Task description – Reproduce exactly, and only, the lines below from the one containing "4037 Treeline Drive Dallas TX 75224" through the one containing "iPhone 11 в идеальном состояний".

(Caption-style text data)
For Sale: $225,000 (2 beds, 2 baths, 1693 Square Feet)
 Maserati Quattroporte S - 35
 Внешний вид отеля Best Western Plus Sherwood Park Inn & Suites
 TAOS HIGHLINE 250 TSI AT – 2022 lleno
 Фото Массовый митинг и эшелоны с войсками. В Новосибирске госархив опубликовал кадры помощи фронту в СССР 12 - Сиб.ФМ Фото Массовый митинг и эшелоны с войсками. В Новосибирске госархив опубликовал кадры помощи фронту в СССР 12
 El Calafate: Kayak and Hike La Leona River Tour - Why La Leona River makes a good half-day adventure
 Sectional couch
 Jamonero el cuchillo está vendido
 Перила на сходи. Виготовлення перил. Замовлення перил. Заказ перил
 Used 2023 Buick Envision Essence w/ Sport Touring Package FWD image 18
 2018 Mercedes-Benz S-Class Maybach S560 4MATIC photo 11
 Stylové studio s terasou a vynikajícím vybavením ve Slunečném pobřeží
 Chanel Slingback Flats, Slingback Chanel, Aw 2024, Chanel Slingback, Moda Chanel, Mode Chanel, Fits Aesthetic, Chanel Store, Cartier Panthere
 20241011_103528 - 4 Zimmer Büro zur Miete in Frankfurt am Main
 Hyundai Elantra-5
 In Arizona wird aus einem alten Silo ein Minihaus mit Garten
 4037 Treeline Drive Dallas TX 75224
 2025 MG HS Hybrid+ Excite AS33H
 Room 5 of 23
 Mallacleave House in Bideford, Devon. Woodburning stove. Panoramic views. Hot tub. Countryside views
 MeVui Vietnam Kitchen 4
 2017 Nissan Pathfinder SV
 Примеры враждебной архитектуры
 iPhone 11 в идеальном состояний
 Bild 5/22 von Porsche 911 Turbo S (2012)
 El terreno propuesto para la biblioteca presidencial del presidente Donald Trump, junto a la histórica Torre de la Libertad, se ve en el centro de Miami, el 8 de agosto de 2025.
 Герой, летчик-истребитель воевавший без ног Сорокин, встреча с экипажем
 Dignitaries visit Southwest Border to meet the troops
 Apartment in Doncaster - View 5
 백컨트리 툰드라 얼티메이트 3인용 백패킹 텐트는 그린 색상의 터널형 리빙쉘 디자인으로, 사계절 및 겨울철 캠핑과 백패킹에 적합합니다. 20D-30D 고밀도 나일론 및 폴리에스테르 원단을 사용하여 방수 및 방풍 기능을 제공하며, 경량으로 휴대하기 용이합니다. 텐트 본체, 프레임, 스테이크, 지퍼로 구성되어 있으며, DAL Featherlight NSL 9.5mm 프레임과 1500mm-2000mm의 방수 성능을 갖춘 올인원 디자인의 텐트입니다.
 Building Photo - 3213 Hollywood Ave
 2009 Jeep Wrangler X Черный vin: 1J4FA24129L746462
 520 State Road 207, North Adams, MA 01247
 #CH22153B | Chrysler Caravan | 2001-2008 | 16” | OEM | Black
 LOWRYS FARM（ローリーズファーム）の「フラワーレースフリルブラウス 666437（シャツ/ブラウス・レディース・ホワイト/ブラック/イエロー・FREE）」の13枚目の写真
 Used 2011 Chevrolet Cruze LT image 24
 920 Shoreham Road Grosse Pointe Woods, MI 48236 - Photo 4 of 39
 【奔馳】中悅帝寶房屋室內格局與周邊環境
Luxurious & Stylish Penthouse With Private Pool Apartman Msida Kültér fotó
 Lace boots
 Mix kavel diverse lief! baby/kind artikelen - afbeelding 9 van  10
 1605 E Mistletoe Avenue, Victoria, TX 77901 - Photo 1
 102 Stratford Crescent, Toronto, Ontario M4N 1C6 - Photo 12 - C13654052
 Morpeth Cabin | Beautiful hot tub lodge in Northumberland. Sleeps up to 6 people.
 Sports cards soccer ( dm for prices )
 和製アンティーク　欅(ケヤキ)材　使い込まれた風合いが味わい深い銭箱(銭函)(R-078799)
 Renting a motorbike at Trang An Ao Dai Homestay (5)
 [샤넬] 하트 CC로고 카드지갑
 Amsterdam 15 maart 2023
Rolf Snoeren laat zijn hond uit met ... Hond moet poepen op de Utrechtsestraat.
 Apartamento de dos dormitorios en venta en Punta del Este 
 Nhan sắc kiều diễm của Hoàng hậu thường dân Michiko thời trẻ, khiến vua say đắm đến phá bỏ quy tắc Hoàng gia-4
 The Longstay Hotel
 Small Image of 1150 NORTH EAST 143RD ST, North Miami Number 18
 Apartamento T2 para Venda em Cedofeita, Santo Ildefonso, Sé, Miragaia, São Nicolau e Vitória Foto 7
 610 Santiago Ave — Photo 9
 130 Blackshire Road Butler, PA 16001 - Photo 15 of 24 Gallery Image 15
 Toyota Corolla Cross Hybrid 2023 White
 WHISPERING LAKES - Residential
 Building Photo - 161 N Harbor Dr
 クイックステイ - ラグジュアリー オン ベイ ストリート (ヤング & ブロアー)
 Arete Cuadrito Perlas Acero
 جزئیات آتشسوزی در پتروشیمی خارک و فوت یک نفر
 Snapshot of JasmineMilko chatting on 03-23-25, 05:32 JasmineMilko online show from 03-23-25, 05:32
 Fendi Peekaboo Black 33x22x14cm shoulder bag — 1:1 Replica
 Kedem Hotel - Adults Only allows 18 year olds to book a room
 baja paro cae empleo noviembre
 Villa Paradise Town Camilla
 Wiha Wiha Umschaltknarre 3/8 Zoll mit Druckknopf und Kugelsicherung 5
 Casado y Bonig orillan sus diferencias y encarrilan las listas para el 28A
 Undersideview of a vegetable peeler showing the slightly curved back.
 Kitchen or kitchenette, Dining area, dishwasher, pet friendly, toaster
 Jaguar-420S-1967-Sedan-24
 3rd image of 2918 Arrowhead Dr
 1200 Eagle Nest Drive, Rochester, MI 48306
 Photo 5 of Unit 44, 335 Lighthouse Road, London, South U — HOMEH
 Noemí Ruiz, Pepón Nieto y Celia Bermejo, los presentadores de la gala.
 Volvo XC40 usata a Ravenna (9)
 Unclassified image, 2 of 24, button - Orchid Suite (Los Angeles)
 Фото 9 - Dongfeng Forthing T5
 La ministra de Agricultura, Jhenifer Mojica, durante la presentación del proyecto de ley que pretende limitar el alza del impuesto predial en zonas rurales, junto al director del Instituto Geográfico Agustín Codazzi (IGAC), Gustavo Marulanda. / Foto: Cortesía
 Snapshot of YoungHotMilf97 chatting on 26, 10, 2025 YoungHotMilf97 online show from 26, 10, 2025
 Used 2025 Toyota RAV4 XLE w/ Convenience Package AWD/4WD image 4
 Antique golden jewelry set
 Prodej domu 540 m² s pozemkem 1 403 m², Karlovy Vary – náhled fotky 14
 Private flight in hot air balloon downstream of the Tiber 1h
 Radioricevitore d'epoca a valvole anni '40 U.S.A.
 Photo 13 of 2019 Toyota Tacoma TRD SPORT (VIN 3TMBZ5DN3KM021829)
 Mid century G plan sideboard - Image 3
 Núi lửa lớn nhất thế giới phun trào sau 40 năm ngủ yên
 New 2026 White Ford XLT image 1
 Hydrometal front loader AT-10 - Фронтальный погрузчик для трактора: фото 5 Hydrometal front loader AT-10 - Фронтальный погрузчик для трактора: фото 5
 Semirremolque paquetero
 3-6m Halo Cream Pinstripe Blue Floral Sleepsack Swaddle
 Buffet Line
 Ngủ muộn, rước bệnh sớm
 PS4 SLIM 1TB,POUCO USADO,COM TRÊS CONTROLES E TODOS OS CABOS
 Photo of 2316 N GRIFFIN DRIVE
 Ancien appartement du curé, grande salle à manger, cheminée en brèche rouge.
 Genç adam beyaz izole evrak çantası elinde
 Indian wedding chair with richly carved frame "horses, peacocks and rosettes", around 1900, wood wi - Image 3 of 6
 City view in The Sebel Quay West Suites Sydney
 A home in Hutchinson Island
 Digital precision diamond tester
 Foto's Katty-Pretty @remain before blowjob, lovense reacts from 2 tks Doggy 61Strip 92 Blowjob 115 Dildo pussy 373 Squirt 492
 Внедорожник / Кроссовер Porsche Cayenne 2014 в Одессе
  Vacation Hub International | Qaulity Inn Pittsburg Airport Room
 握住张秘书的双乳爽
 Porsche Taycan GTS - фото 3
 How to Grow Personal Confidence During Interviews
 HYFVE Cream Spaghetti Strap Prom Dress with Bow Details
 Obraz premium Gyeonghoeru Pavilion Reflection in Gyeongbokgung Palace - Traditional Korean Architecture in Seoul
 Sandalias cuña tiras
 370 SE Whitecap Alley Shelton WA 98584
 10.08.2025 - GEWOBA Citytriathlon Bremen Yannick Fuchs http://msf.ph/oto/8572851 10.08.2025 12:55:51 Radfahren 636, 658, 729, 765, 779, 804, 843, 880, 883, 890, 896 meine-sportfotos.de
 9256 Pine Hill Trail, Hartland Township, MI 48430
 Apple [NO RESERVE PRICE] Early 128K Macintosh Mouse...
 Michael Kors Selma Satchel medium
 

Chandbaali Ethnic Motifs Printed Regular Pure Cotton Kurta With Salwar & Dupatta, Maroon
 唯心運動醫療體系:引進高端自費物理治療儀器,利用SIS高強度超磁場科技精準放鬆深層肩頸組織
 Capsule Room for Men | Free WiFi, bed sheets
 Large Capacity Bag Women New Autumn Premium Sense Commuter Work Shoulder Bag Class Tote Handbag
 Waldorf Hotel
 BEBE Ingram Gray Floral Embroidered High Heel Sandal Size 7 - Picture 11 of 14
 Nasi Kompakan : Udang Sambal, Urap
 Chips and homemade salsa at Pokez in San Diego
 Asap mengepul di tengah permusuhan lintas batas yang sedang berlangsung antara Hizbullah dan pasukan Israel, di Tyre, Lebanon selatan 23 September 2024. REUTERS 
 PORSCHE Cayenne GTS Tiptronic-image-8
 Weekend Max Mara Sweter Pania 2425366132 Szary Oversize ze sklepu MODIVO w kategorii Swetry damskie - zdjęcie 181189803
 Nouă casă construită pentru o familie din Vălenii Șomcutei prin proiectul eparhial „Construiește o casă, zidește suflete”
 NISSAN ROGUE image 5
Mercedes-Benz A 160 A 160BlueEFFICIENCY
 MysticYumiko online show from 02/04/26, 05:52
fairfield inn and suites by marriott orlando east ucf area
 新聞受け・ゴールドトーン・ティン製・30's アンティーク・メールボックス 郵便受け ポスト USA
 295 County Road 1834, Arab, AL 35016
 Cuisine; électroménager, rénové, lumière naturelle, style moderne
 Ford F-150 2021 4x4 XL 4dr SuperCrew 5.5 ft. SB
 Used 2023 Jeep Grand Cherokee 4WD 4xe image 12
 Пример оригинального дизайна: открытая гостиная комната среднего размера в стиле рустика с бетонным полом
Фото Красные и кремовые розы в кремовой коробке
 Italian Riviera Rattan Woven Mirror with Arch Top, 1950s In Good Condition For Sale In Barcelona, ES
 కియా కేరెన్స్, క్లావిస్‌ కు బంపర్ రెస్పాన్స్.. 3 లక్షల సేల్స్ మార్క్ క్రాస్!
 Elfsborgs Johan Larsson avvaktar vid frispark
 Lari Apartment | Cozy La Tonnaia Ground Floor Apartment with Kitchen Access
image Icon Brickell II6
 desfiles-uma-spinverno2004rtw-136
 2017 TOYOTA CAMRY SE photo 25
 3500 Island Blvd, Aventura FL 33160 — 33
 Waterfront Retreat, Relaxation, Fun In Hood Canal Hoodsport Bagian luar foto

Task answer –
 4037 Treeline Drive Dallas TX 75224
 2025 MG HS Hybrid+ Excite AS33H
 Room 5 of 23
 Mallacleave House in Bideford, Devon. Woodburning stove. Panoramic views. Hot tub. Countryside views
 MeVui Vietnam Kitchen 4
 2017 Nissan Pathfinder SV
 Примеры враждебной архитектуры
 iPhone 11 в идеальном состояний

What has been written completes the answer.